Não sou, mas sou... em todo o tempo e lugar!
E porque assim o desejo e o sonho, porque no silencio quero encontrar-me e encontrar-Te para recomeçar e porque o dia me devolve a luz que posso e quero partilhar, aqui fica este poema tão belo de Daniel Faria.



domingo, 8 de abril de 2012

"Eu sou o Alfa e o Omega, o Principio e fim..."


Ele está vivo, nos efeitos da sua presença.
Ele está vivo pelo Espírito que derrama nos nossos corações.
Ele está vivo, porque dá vida, ao que está morto.
Ele dá confiança aos que têm medo.
Ele perdoa aos que pecaram
Ele dá força aos fracos
Ele dá a Luz aos que a procuram,
Ele está vivo porque dá a Alegria ao que anda triste
Ele está vivo porque habita todos os lugares da minha terra.

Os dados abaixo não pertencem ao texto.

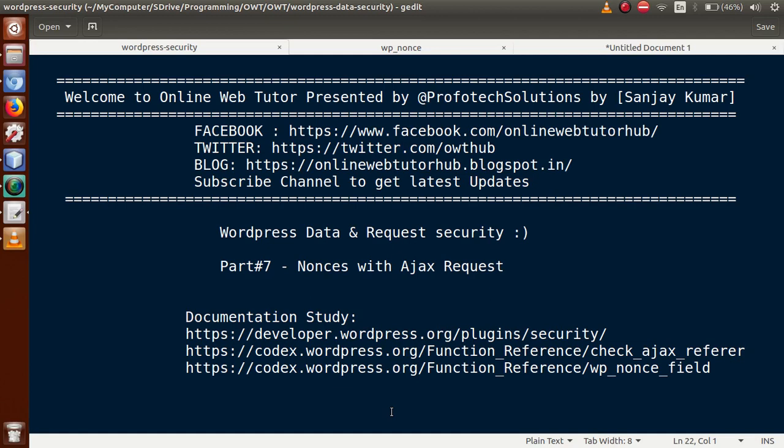Hello guys, welcome to Online Web Tutor presented by Profotech Solutions Team. I am Sanjay. We are learning WordPress data and request security. This is part 7. In this video session we will see how we can use our nonce value with Ajax requests. If you are a beginner to this channel, please subscribe and watch our previous video sessions of this playlist.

sexta-feira, 6 de abril de 2012

Se a Cruz não me dissesse nada, não era nada para mim… Mas a cruz pode dizer-me tudo o que há a saber sobre Deus. É aí que tudo diz de Si mesmo, enquanto se faz gesto de amor por nós, sem nenhuma condição.
E diante da cruz, o silêncio é a única forma de expressão que me ocorre.

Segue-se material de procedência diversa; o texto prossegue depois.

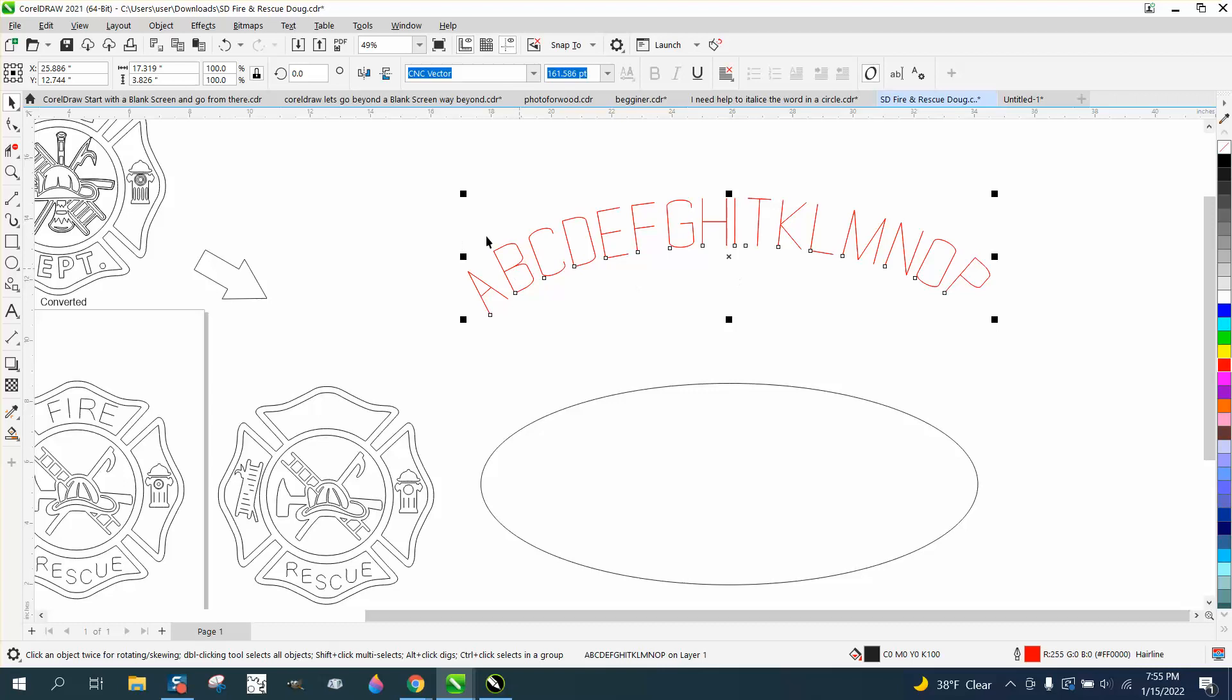Instead of going back and engraving it, it would probably cut all these letters, but you do it at a hundred speed at whatever power you want to set. You do it at a hundred speed, but very less power, so it won't cut through your wood, it just marks your wood.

quinta-feira, 5 de abril de 2012



Hoje peço ao Senhor o dom da contemplação... Só assim poderei perceber o mistério da vida que me envolve.
Peço-lhe um olhar puro, e sobretudo um coração capaz de escutar e de ver Deus em cada pessoa, em cada realidade, em cada momento, em cada vida…
Peço-lhe que me ajude a descobri-Lo como Aquele que ama e que serve. Um Deus que me ama, me lava os pés e me pede para amar do mesmo modo.



Pintura de Marko Ivan Rupnik

domingo, 1 de abril de 2012

A semana santa, revela-nos o rosto e o amor que nos salva...


Quatro linhas sobre a cruz.
A primeira linha abre o silêncio
como os braços de Cristo na cruz.
A segunda linha abraça-te até que a voz que te fala
respire no interior da tua escuta.
A terceira linha é a sombra do cajado que conduz
o fio de água para que nunca esqueças a única fonte.
A quarta linha é o próprio rastro d'Aquele que se apaga
entre os quatro pontos cardeais da luz.